外国人が運転していることを後続車に知らせるため、大阪府レンタカー協会が作ったマグネットステッカー
国内で訪日外国人のレンタカー利用が増えている。自分のペースで移動でき、子どもや高齢者の同伴にも便利な一方、交通ルールの違いもあって事故が急増している。各地で対策が進む。
4月中旬、関西空港のレンタカー各社のカウンターに外国人が並んでいた。香港から訪れたエンジニアの男性(35)は「2歳の子が一緒で、電車は不便だから」。一家で1週間かけて関西を巡るという。夫婦とも5回以上訪日し、運転経験もあるといい、妻は「安全運転だから大丈夫。香港の方がスピードを出す人が多くて危ない」と話した。
夫婦でスタッフの説明を聞き、カーナビの言語を英語に変更。笑顔で出発しようとすると、スタッフが慌てて窓をたたいて叫んだ。「ストップ、ストップ。サイドミラーをたたんだまま」。ミラーを出した車は、そろりと走り出した。
2016年の訪日外国人は推計で2400万人を超え、4年連続で過去最多を更新した。国際線が就航する空港で国土交通省航空局が調査したところ、空港までの移動にレンタカーを利用した外国人は11年度に推計約18万人だったが、15年度の推計は約70万5千人。
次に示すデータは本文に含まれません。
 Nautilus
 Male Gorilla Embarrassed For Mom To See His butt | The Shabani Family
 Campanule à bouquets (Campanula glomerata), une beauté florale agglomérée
ニッポンレンタカー関西の泉南エリアマネジャー小川一樹さん(45)は「大人数、荷物が多い、地方に行きたい、といった理由で利用が増えている」とみる。日本人の利用は2日以内が多いが、外国人は3~10日間借りるため、売り上げも伸びているという。
一方、悩ましいのが事故やトラブルだ。小川さんは「駐車場でほかの車に接触したり、縁石に当たったりするケースが多発している」と話す。同社はドライブレコーダーや後進を支援するバックモニターの搭載などの対策を進めている。貸出時にガソリン車かディーゼル車かを入念に説明しても、指定油種ではない燃料を入れられるトラブルも少なくないという。